W3 = W1 @ W2 # precompute one matrix
z = x @ W3 + b3 # ...the two layers collapse into one
This is a disaster for deep networks. If every layer is just a matmul, a 100-layer network collapses into a single equivalent layer. All that depth — gone. The network can only ever represent linear functions (straight lines and flat planes), which can't model anything interesting.
The fix is to put a non-linear function between layers so they can't be merged. That function is the activation function.
- Activation function — a non-linear function applied element-wise to a layer's output. It (1) breaks linearity so layers don't collapse, and (2) is differentiable (or nearly so) so the network can be trained by gradient descent.
The classic is ReLU (Rectified Linear Unit) — comically simple: keep positives, zero out negatives.
Negatives become zero; positives pass through. That single kink is enough non-linearity to stop the collapse.

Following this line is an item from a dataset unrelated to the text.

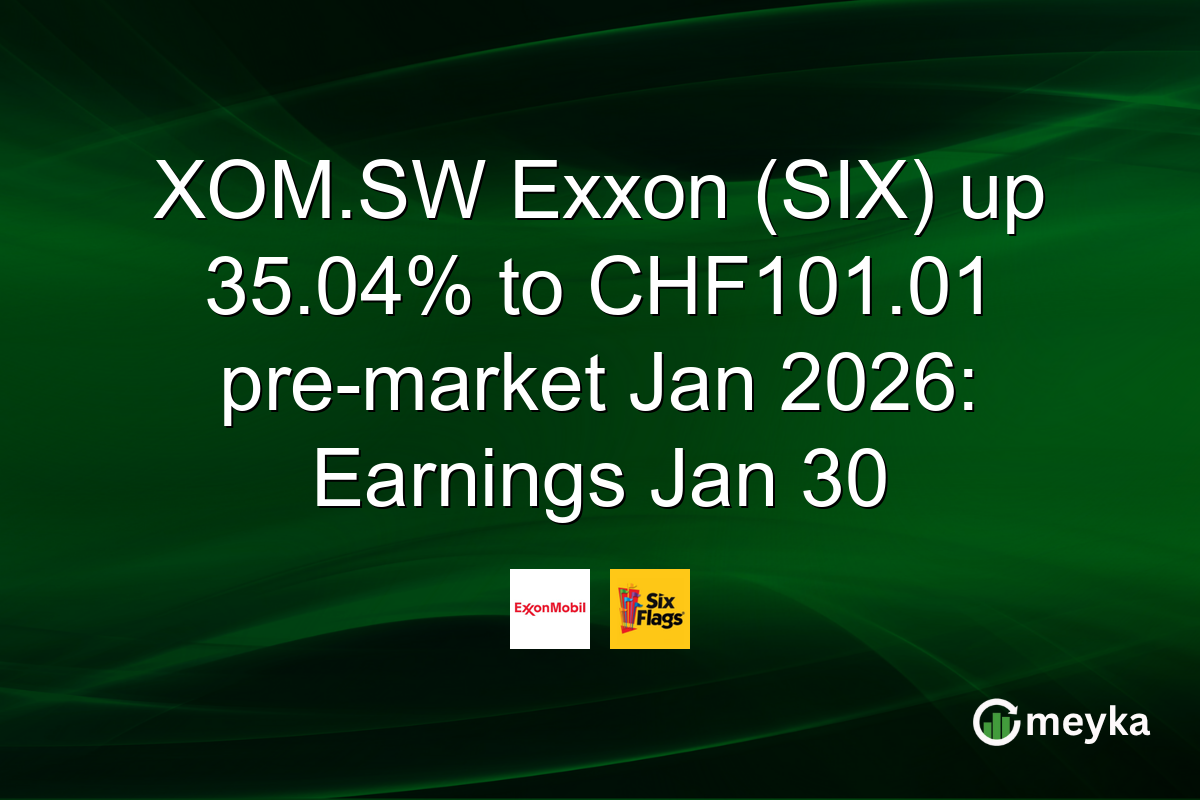 XOM.SW Exxon (SIX) up 35.04% to CHF101.01 pre-market Jan 2026: Earnings Jan 30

Modern LLMs use smoother cousins — SiLU, Swish (named for resembling the Nike swoosh), and SwiGLU — but the pattern is the same: squash negatives toward zero, mostly preserve positives, stay (mostly) differentiable, run fast.
The takeaway, in one line
Linear layers do the work; activations make depth meaningful. Stack (matmul → activation)
many times and you get a function expressive enough to predict the next token. Remove the
activations and your 70-billion-parameter model is algebraically one matrix.
The cost lens: read every layer as a matmul¶
This is the framing the rest of the book uses, so internalize it:
A neural network, at inference time, is a long chain of matmuls separated by cheap element-wise functions.
That single sentence has two consequences you'll use constantly:
- The weights are the bulk of the bytes. Each matmul has a weight matrix sitting in GPU memory. To run the matmul you must read those weights. For a big model that's reading tens of gigabytes — every forward pass. This is the seed of the memory-bandwidth bottleneck.
- The activations, norms, and biases are a rounding error. Compared to the matmuls, the element-wise functions cost almost nothing in compute and memory. When you optimize inference, you optimize matmuls and data movement; you essentially ignore the rest.
a transformer's forward pass, abstracted
┌────────────────────────────────────────────────┐
│ matmul → act → matmul → act → matmul → act ... │
│ ▲ │
│ └─ reading a weight matrix from memory each │
│ time; this read is what you fight to reduce │
└────────────────────────────────────────────────┘
With this lens in hand, the next section traces a real token through a real transformer — and you will be able to point at each step and say "matmul, big; activation, free."